Don't initialize this for a field until we see hints that the data might
be compressible and need to use the table in order to test it out.
diff --git a/lucene/core/src/java/org/apache/lucene/codecs/lucene90/blocktree/Lucene90BlockTreeTermsWriter.java b/lucene/core/src/java/org/apache/lucene/codecs/lucene90/blocktree/Lucene90BlockTreeTermsWriter.java
index 11a02e3..3908992 100644
--- a/lucene/core/src/java/org/apache/lucene/codecs/lucene90/blocktree/Lucene90BlockTreeTermsWriter.java
+++ b/lucene/core/src/java/org/apache/lucene/codecs/lucene90/blocktree/Lucene90BlockTreeTermsWriter.java
@@ -917,6 +917,9 @@
// it out if the
// average suffix length is greater than 6.

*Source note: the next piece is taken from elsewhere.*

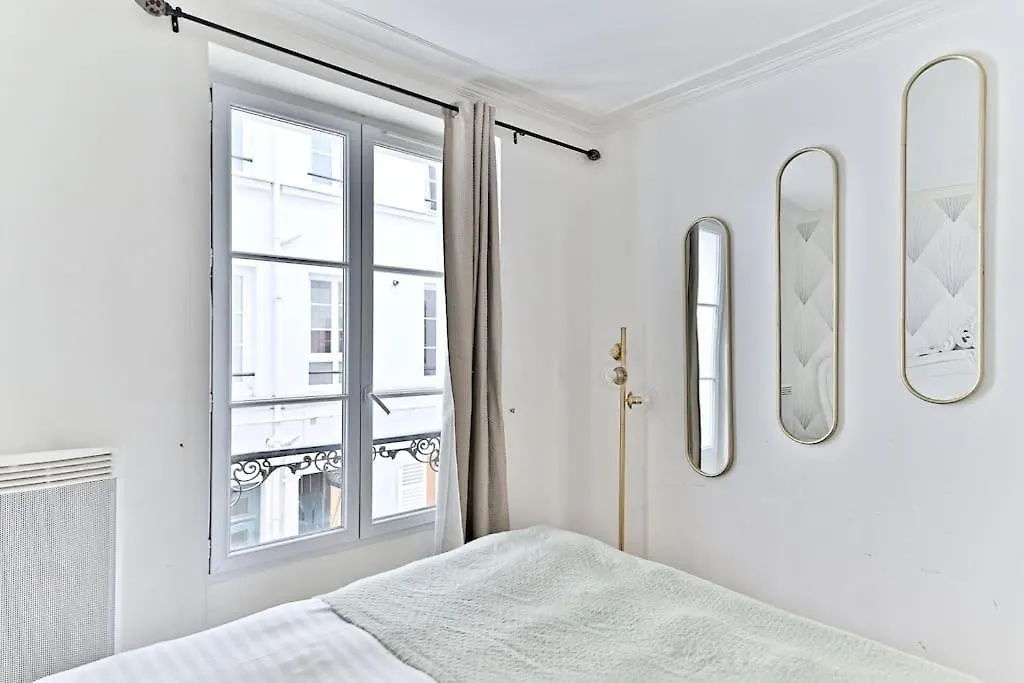 Chic #eiffeltower #champdemars -v Apartman *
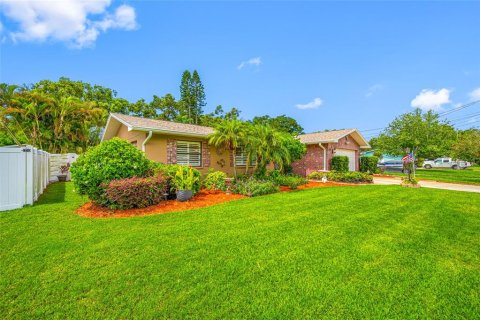 House in Dunedin, Florida 3 bedrooms, 142.88 sq.m. № 1816640 - photo 2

if (suffixWriter.length() > 6L * numEntries) {
+ if (compressionHashTable == null) {
+ compressionHashTable = new LZ4.HighCompressionHashTable();
+ }
LZ4.compress(
suffixWriter.bytes(), 0, suffixWriter.length(), spareWriter, compressionHashTable);
if (spareWriter.size() < suffixWriter.length() - (suffixWriter.length() >>> 2)) {
@@ -1139,8 +1142,7 @@
private final ByteBuffersDataOutput metaWriter = ByteBuffersDataOutput.newResettableInstance();
private final ByteBuffersDataOutput spareWriter = ByteBuffersDataOutput.newResettableInstance();
private byte[] spareBytes = BytesRef.EMPTY_BYTES;
- private final LZ4.HighCompressionHashTable compressionHashTable =
- new LZ4.HighCompressionHashTable();
+ private LZ4.HighCompressionHashTable compressionHashTable;
}
private boolean closed;